Rage Mobs 1966 v. 2020
Rage Mobs 1966 v. 2020

By David Kopel

Part 2: Red Guards begin rampaging

This is part 2 in a series observing similarities between China’s Cultural Revolution and the United States today. (See part 1 and part 3.)

At the beginning, the violence of the Cultural Revolution was only on campus.

The student mobs began to call themselves “Red Guards,” since they were acting to guard Chairman Mao. Under communism, there was supposed to be no civil society; no organization should exist outside the state. All Chinese charities, unions, religions, or other independent groups had been eliminated or were under state control. But the Red Guards boldly created themselves. They didn’t ask for official party approval.

The “red” class already were organized, thanks to military training at summer camps and rifle clubs at home. Mao’s constant exhortation was “Never forget class struggle.” Dressed in their parents’ old military uniforms and proud of their blood purity, they attacked “black” class students. Children of high-ranking military and political parents, the Red Guards had been told by their parents that communist party revisionists were against Mao. Fully indoctrinated in Maoism, the superior class of students was eager for violent class war.

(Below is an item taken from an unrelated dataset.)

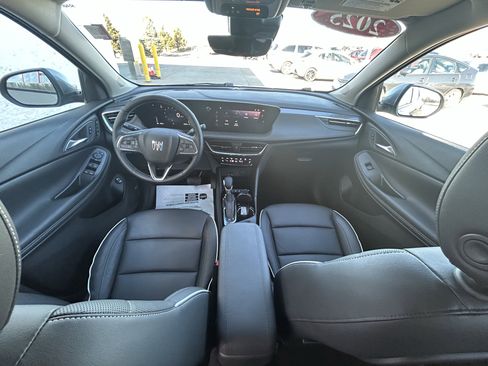 Used 2025 Buick Encore GX Avenir w/ Avenir Technology Package image 19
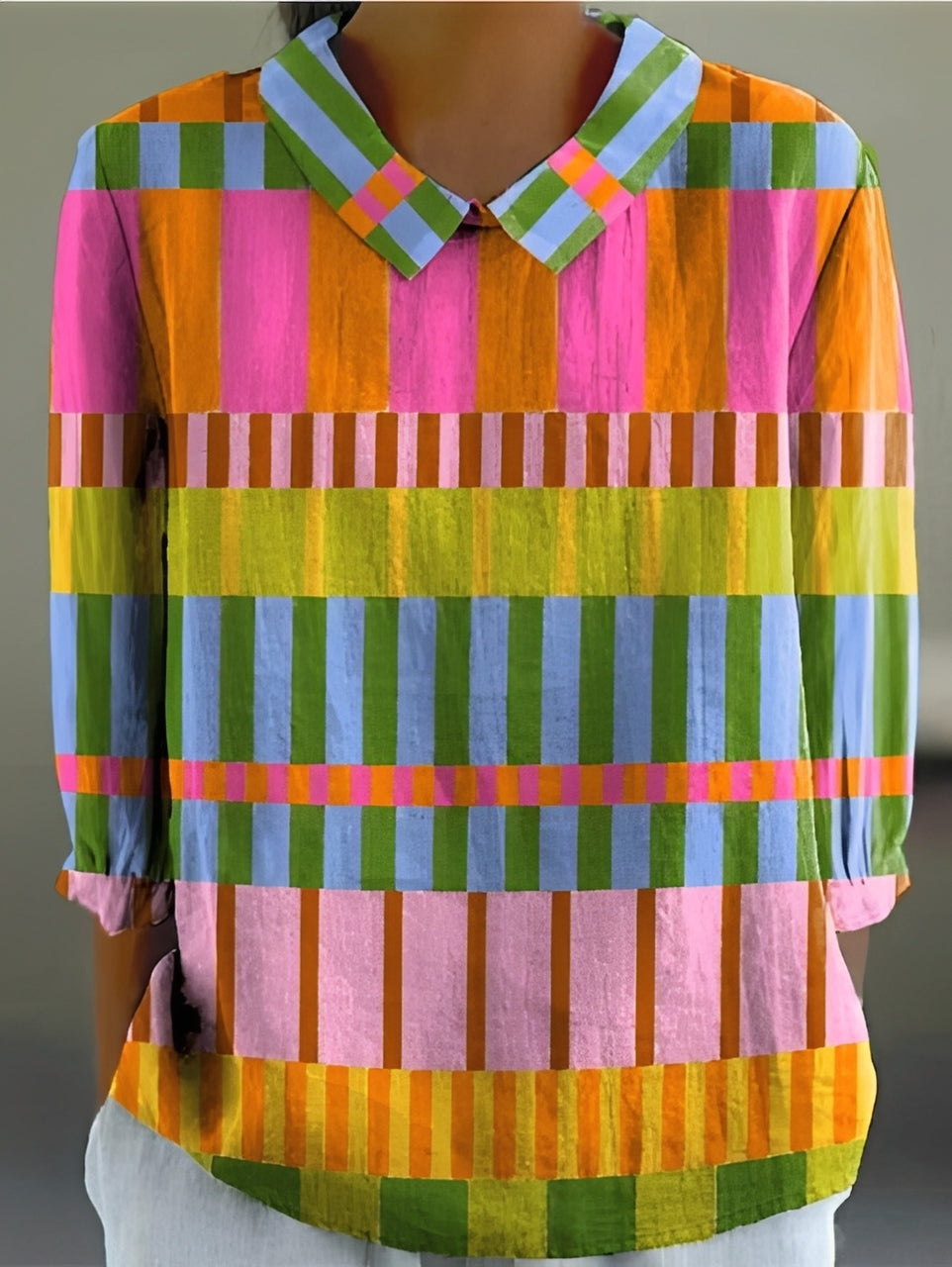 Alfie - Stylish, loose-fitting printed shirt for women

At first, adult political cadres and others resisted, attempting to suppress the violent upstarts. The CCP center in Beijing dispatched “work groups” to high schools and universities to try to guide the Cultural Revolution, and some of those groups tried to stop the attacks on school staff. “However, without the support of the gun barrel, their cause was doomed,” writes historian Fang Zhu, in “Gun Barrel Politics: Party-Army Relations in Mao’s China.” Beijing was fully under Maoist military control.

When a CCP Central Committee plenum (full meeting) opened in Beijing on Aug. 1, 1966, it was surrounded by defense minister Lin Biao’s soldiers. A PLA marshal warned the plenum that the military would act against any dissenters. As a speech by Lin Biao several days later explained, there were two essentials to the Cultural Revolution: Mao’s thought and the power of the PLA.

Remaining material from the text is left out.